I feel that he always puts his children from his first family, before me. They are all grown, married and on their own (except for his divorced son - the main point of contention). Whenever his son calls, my husband literally leaves me in the lurch, and goes to do his son’s bidding. He is currently paying all of his son’s bills, to our detriment. We are so broke because of how he keeps taking care of his son (I truly used to consider him my son - I am having a real problem with that now).

This is the second marriage for both of us. We have been married for five years. We dated for six years before that. I think we were both a little gun-shy after our divorces. I had a dear friend tell me one time that a divorce is like having a death in the family. I didn’t understand what she meant until I experienced it for myself. Our children (three from his first marriage and one from mine) all range in age from the youngest (27 up to 35). They have all blessed us with incredible grandchildren. We were older when we got together, so we have none together.

My husband and I are both saved but we stopped going to our local church because we felt that the teaching/preaching was getting a bit “out of balance.” However, we are currently looking for another church (not much success so far - the apostate churches, I fear are alive and well here).

I am so tired of always being last in my husband’s consideration. Is that wrong? I must admit that I am feeling very strong, negative feelings towards my stepson (something that I repent of constantly.) I truly love our daughters and grandchildren. I try to tell my husband that his son will never grow up (he is 27) or accept any responsibility unless my husband “cuts the apron strings.” He feels that I am beating up on his son.

I doubt you remember, but I have written to you before. With your advice and prayers, I was able to wean myself off of too many prescription drugs. I’m starting to feel like my husband liked me better when I was numb and just went along with whatever he deemed was appropriate (i.e. the situation with his son). What I can’t get him to see is that he is enabling his son to be totally without responsibility.

One huge concern of mine is - what is his son going to do when the Rapture comes? He is supposedly saved but his behavior certainly suggests otherwise (don’t see any fruit). If his daddy and I are gone, what on earth is he going to do? He doesn’t have a clue as to how to handle finances, cook, etc. It is really remarkable that he washes his own clothes. (Now I realize the greatest concern, if it gets to that point, is his soul.) It doesn’t have to be the Rapture - what if, good Lord forbid, his dad and I were killed in a wreck? This boy, even though he is almost 27, will not be able to function without us. I can’t imagine anyone else taking care of him like we do. His sisters absolutely would not put up with it.
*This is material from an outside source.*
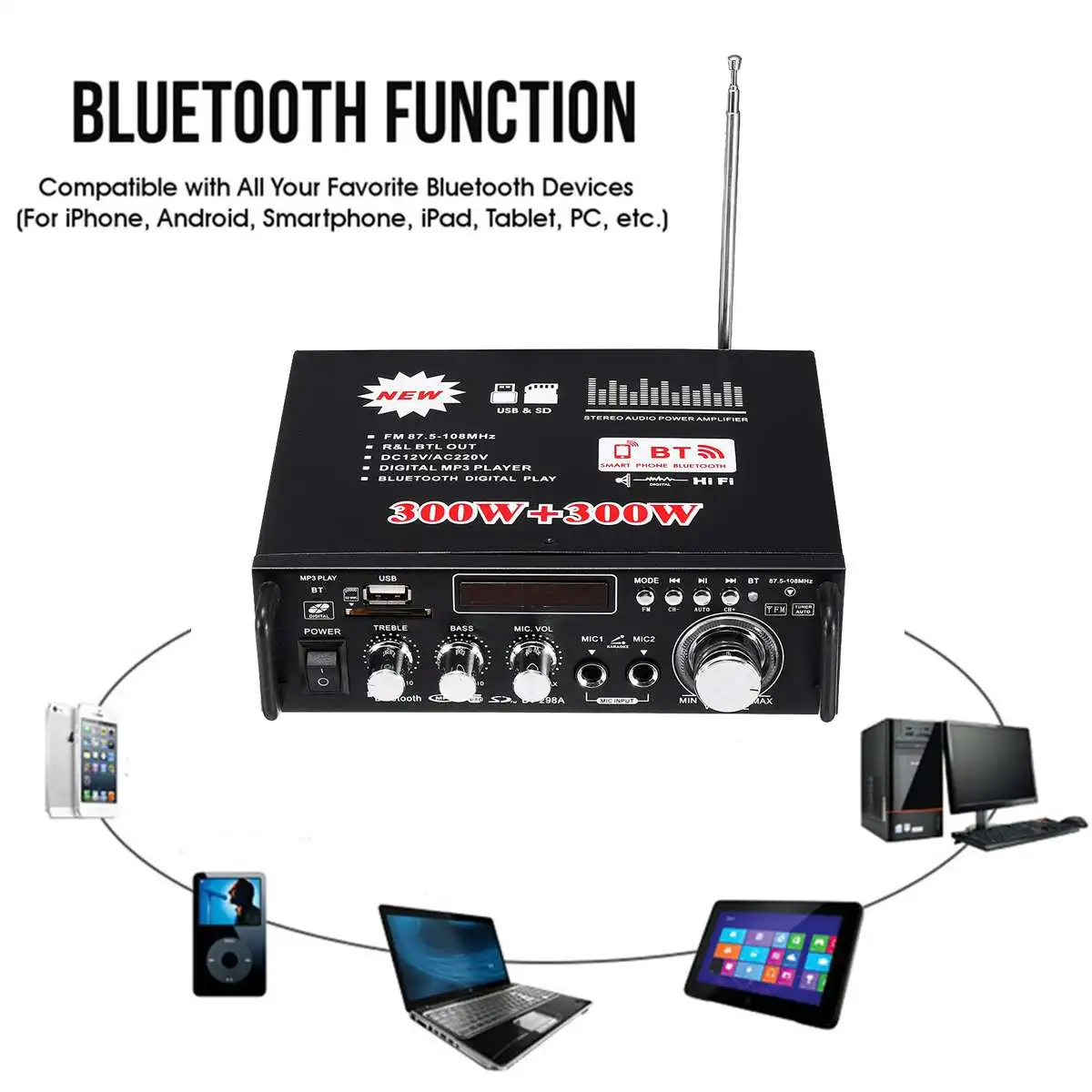 600 Вт DC12V HIFI автомобильный усилитель аудио стерео мощности bluetooth FM радио 2CH 220 В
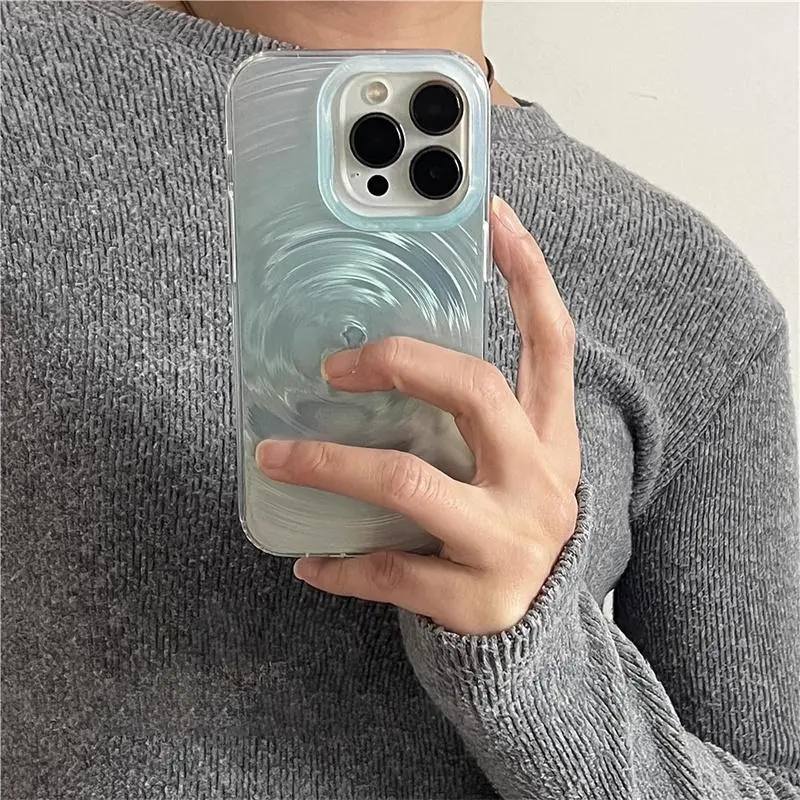 Mixed Color Swirl Pattern Phone Case, Decorative Phone Protector Cover, Phone Accessories Compatible with iPhone 11 12 13 14 15 16 Pro Max, Casing 2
I really feel like I am beating my head against a brick wall. My husband and I have struggled with this for a goodly part of the time we’ve been together. It has gotten decidedly worse since our son’s wife left and divorced him because he treated her so terribly. He has absolutely no respect for anyone and doesn’t care how he treats people. He is extremely volatile - the most minor things can make him blow. He has gotten physical with his daddy on more than one occasion. I don’t mind telling you – I’m a little bit afraid of him.

My husband keeps telling me not to make him choose between me, and his kids. Is that what I’m doing? I get along great with his (our) girls. I adore our grandchildren. I never imagined being a grandmother could be so wonderful. I am so torn up about all of this. I realize in the grand scheme of things, this is probably a small problem. However, it is one I am confronted with constantly. I am afraid my husband is going to allow us to be dragged completely under emotionally and financially by all of this.

Right now, we really don’t have any close friends. We were close to our former pastor (the one before the current one) and his wife, but we’ve lost touch since he retired and left our church. I would be perfectly fine talking with them, but I know my husband wouldn’t. When he’s found out before that I talked with them about some of this, he had a fit - considered it “airing dirty laundry.” I tried to explain that it wasn’t like that, but he would have none of it.

What should I do? It has gotten to the point that I have seriously thought about leaving my husband (if I could). He tells me it’s my fault, causing so much friction in our family. I really don’t want to do that, but I’ve had 12 years of putting up with his coddling his son. I guess my patience has finally reached a limit.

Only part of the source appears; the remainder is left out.